TASK: Lift out, unaltered, the lines of the material below between the line holding "Toner Konica Minolta" and the line holding "RRP £62.00 AIWA", counting both.

** THE DATA follows **

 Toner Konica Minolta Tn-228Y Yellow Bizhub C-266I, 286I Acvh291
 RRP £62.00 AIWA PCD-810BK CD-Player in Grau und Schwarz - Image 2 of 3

** End of THE DATA **
** THE DATA follows **

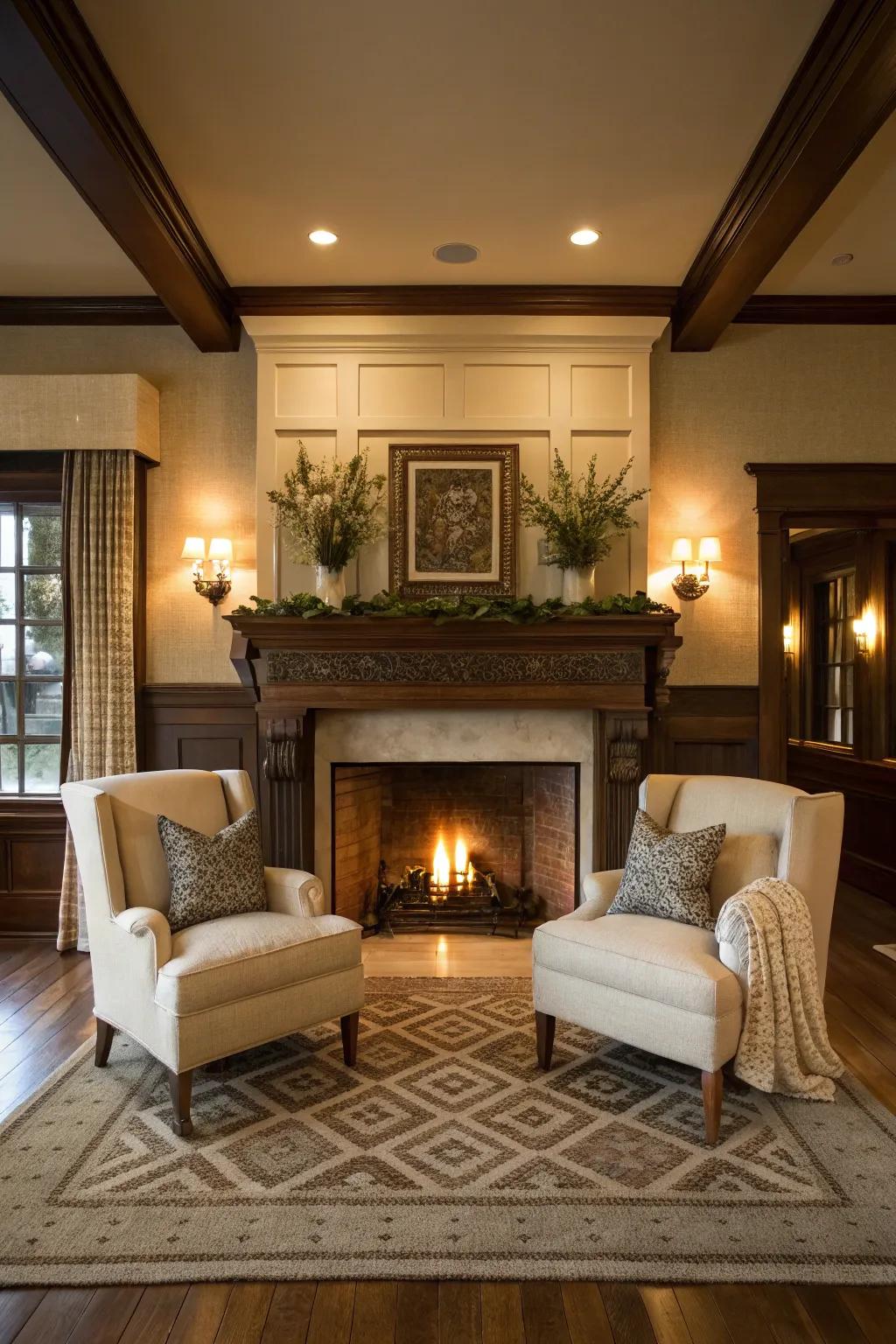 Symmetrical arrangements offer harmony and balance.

** End of THE DATA **

ANSWER SECTION:
 Toner Konica Minolta Tn-228Y Yellow Bizhub C-266I, 286I Acvh291
 RRP £62.00 AIWA PCD-810BK CD-Player in Grau und Schwarz - Image 2 of 3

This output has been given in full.